Single-Atom Iron-Nitrogen Catalytic Site with Graphitic Nitrogen for Efficient Electroreduction of CO₂

Electrochemical reduction of CO₂ to carbon monoxide (CO) and other useful fuels/chemicals offers a green and promising technical solution for alleviating greenhouse effect and creating economic benefits. Herein, we developed a single-atom Fe dispersed on N-doped carbons nanosheet (Fe−SA/NCS−X) for CO₂ electroreduction by direct pyrolysis of hemin-doped polyaniline fabricated by in-situ chemical polymerization. The Fe-SA/NCS-700 achieved a Faraday efficiency of CO up to 87 % at −0.45 V vs.
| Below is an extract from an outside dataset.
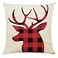 Ogrmar 4PCS 18x18 Throw Pillow Covers Christmas Decorative Couch Pillow Cases Cotton Linen Pillow Square Cushion Cover for Sofa Couch Bed and Car ChristmasE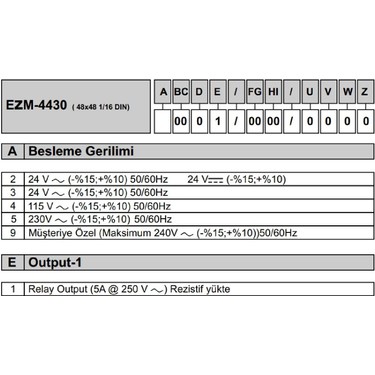 Emko EZM-9930.50001/0000/0000 ,96X96MM 220VAC 6-Hane Sayıcı Fiyatı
RHE, a low onset overpotential of 105 mV and remarkable durability with the current density being maintained for 10 h constant electrocatalysis, which were comparable to the latest reported single-atom catalysts. The Tafel slope of Fe-SA/NCS-700 was measured to be about 67 mV/dec, close to theoretical value of 59 mV/dec, which indicated a rapid pre-equilibrating one-electron transfer followed by a rate-determining reaction step. DFT calculations revealed that the graphitic N species can synergistically improve the catalytic activities of Fe-N₄ sites of Fe-SA/NCS−X by significantly lowering the free energy barriers of *COOH intermediate formation, thus promoting CO₂ electroreduction to CO.